Vivaldi The Lover

Very little is known about Vivaldi's personal life.  We know about his professional career through the records of the places his music was performed.  We know what people thought of Vivaldi from letters they wrote praising or denouncing him.  What we know from Vivaldi's own mouth (or hand) is minimal.  His personal opinions or thoughts are next to impossible to determine, as are the events that have nothing to do with music; romance for instance (only a step away from music.)  Vivaldi did not marry, and it is not known if he had romantic relations of any kind.  This has not prevented musicologists (wishful thinkers that they are) from speculation.

The strongest case is made for his  star opera soprano Anna Girņ, or Anna Giraud, who played the lead in his operas starting with Farnace.  She was 16 or 17 years old and Vivaldi was already 48.  She and her sister Paolina lived at Vivaldi's house and became his traveling partners, accompanying him on his excursions all over Europe for many years.  Vivaldi claimed the sisters provided much needed health care for the ailing composer, whose asthma severly hindered his priestly duties (without, apparently, affecting his abilities to travel, perform, teach, compose prolifically, or manage an opera house.)    It is no wonder that historians were putting two and two together to make love.

The first attacks against Vivaldi's lifestyle came in 1737, when Guido Bentivoglio refused to allow Vivaldi to stage an opera in the city of Ferrara.  He claimed that Vivaldi was unfit for such high an honor because he did not say mass (which was true) and that he was having an affair with Anna (which was hearsay.)  Vivaldi protested in a long rambling letter which is the only hard evidence we have of Vivaldi's involvement with the singer.  He denied the accusations, of course.  (Vivaldi eventually got an opera into Ferrara, but is was a commercial failure.)
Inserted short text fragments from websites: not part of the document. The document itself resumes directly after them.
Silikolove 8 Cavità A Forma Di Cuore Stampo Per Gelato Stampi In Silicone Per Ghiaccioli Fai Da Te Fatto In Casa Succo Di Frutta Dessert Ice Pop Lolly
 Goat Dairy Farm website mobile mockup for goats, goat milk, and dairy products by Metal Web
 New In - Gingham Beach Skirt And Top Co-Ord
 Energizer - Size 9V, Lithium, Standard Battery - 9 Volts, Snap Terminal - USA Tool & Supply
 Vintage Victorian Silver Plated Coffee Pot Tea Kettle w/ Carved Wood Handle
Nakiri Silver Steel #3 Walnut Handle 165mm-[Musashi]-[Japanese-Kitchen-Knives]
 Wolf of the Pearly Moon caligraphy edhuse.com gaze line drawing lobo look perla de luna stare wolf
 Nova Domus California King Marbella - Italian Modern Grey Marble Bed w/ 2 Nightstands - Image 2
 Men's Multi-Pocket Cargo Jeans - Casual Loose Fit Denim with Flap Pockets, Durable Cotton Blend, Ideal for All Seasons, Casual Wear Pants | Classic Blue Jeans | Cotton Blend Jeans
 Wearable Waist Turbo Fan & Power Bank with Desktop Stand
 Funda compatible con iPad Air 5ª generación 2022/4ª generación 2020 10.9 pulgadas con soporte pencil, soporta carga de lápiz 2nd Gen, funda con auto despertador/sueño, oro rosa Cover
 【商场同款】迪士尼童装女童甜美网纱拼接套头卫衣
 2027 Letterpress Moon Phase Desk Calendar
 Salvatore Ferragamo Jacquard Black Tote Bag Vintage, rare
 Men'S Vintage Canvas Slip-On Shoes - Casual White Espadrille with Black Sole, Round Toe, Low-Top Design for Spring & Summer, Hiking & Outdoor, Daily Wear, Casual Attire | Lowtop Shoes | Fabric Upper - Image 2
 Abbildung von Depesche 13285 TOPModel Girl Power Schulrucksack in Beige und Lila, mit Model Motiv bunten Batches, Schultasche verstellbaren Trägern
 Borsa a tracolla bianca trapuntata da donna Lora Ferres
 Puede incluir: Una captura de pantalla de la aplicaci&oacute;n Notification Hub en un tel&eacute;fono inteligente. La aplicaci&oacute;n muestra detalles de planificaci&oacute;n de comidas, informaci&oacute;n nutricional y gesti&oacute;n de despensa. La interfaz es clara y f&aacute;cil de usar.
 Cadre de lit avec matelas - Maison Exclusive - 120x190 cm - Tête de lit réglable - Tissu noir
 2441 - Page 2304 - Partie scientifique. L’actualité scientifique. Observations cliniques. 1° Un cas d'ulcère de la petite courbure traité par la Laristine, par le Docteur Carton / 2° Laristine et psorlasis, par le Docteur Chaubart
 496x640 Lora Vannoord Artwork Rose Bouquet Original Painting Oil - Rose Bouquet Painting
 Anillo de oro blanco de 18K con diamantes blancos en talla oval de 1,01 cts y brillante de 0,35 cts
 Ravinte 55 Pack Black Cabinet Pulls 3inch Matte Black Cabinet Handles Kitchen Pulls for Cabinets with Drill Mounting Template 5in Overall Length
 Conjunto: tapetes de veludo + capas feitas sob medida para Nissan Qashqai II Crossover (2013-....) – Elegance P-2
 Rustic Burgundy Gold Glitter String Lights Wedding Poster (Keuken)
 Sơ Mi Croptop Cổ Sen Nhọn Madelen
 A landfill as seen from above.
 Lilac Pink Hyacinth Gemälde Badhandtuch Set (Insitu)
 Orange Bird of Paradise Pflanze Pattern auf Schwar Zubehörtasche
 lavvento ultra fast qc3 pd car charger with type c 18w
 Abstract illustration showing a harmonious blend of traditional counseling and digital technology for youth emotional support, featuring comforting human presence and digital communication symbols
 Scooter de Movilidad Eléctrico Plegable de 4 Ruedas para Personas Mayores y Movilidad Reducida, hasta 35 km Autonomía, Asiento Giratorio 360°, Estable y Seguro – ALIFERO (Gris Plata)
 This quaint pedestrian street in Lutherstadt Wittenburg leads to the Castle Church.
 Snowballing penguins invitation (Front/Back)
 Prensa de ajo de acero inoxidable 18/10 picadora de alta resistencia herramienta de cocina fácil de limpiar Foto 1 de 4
Whether Vivaldi was intimate with Anna does not deter from their interesting relationship.  He was more than likely a father-figure and mentor, and she a pupil and close friend.  Their travels may have been strictly business, or Vivaldi may have acted as her chaperone.  She was not regarded as an outstanding singer or object of beauty, but she was known to be a convincing actor with a strong presence, and she received several compliments and denouncements in surviving accounts.  She was married seven years after Vivaldi's death.  We more than likely will never know exact details of their alliance, which means the historians (and I) are free to speculate.